Tamarind is a web service framework for XML-based text analysis that takes advantage of a recently developed architectural paradigm known as Representational State Transfer (REST). In the words of its principle advocate:

"Representational State Transfer is intended to evoke an image of how a well-designed Web application behaves: a network of web pages (a virtual state-machine), where the user progresses through an application by selecting links (state transitions), resulting in the next page (representing the next state of the application) being transferred to the user and rendered for their use" (Fielding 109).

Put less generally, REST proposes that instead of creating an entirely new set of protocols for web services (UDDI, WSDL, SOAP, etc.), we instead combine XML with existing protocols (URIs for unique identifiers and HTTP for the wire protocol) to create web services that can operate within the existing operational paradigm of the World Wide Web. The scalability and robustness of such a system has already been demonstrated, since the current World Wide Web works precisely this way.

Tamarind takes REST to a certain philosophical extreme by defining all functions at a level of granularity comparable to those found in the function libraries of common programming languages. Each one is presented as a simple resource capable of performing individual actions on one of small number of discrete types, and each one is uniquely identified through an ordinary URI. In general, Tamarind resources have the following features:

1. Every Tamarind resource can receive a valid type and return a valid type without being passed a wrapper of any kind.

2. Some Tamarind resources can act as brokers for requests among a number of other Tamarind resources.

3. Every Tamarind resource can report on its capabilities, valid types, and valid next states through a simple GET interface.

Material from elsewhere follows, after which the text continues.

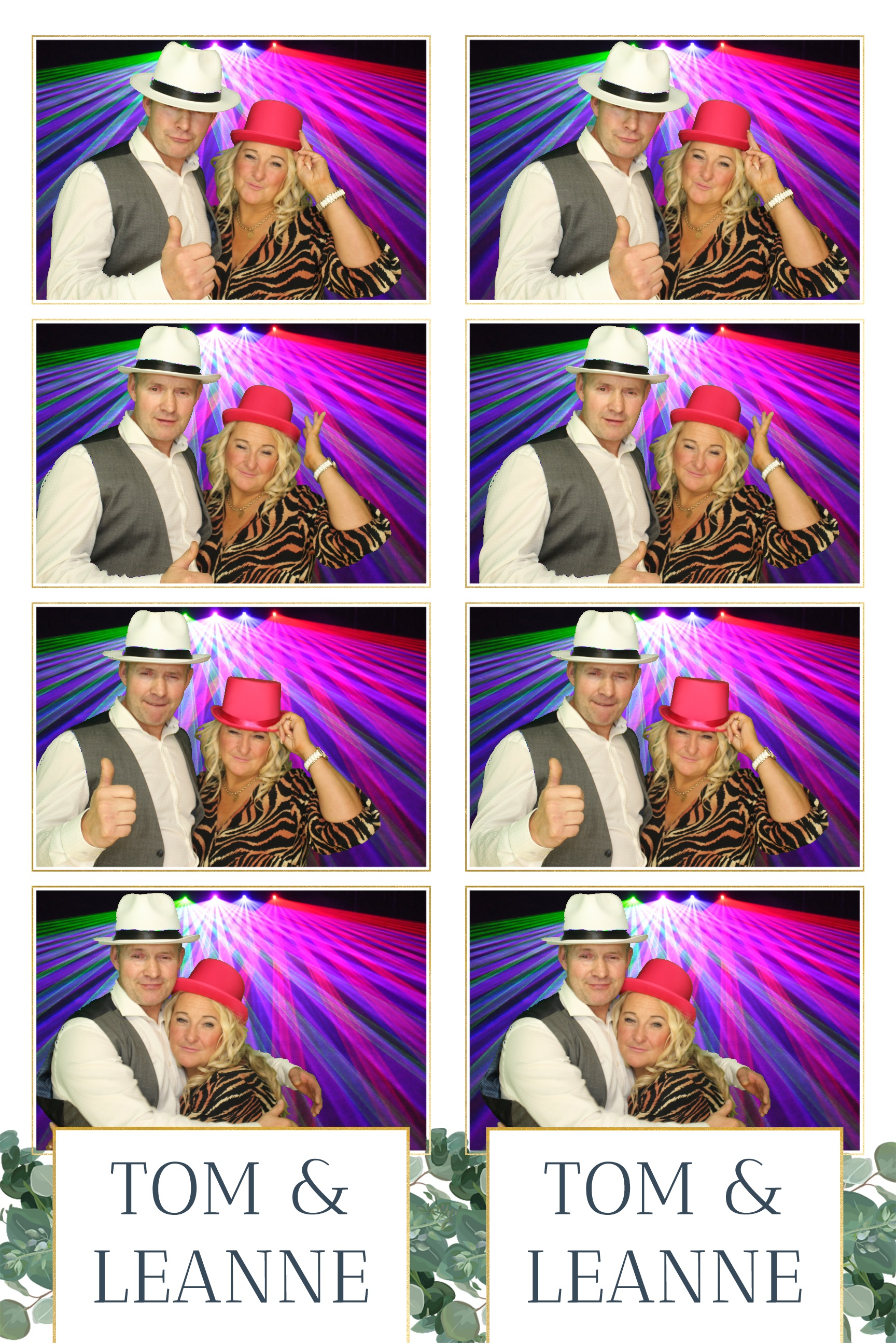 Tom & Leanne | View more photos from the event at images.mobile-photo-booth.com/u/MobilePhotoBoothUK/Tom-Leanne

We may imagine the following use-case scenario using the Tamarind architecture:

A client (perhaps a web browser, but perhaps also a bit of client code integrated with an existing full-text archive) makes a request to a resource called WordCount indicating that it wants to send a document and retrieve a sorted hashtable of the word frequencies of all the words within "p" tags. The client indicates the steps in the process by passing a simple request specification document:

<tmrnd:request>

<tmrnd:broker>http://some.where.edu/WordCount</tmrnd:broker>

<tmrnd:resource uri="http://some.where.else.edu/SubTree">

<tmrnd:parameter>//p</tmrnd:parameter>

<tmrnd:resource uri="http://some.where.edu/WordCount"/>

<tmrnd:resource uri="http://yet.another.edu/AscendingHashSortByKey"/>

</tmrnd:request>

Here are the steps for resolving this request:

1. WordCount receives a POST containing the initial type (in this case the document) and the tamarind request specification.

2. WordCount parses the request and POSTs the document and the required parameter to SubTree.

3. SubTree hasn't received a request specification, so it just processes the document and sends back a response to the caller (WordCount).

4. WordCount receives the request, parses the next request resource, and sends the result of the last request to WordCount (WordCount realizes that it is the next request, so it just processes it internally).

5. WordCount reads the last request, POSTs the result of the last operation to AscendingHashSortByKey and receives the result.

6. WordCount realizes that there are no more requests, and so it sends the result of the last operation back to the original client.

This system has all the benefits of a web service architecture: including complete platform and language independence. It accomplishes it, however, without the additional overhead (and complexity) of SOAP.

My presentation will briefly lay out the terms of SOAP- and REST-based web service architectures before proceeding to an architectural overview (and working example) of Tamarind being used to perform text analytical procedures on a remote text archive. I will conclude with some ideas concerning the future of Tamarind, its role in the TAPor project, and its possible integration with Stefan Sinclair's Text Analysis Markup Language (TAML).

References:

Fielding, Roy Thomas. Architectural Styles and the Design of Network-based Software Architectures. Diss. University of California, Irvine, 2000. Ann Arbor: UMI, 2000.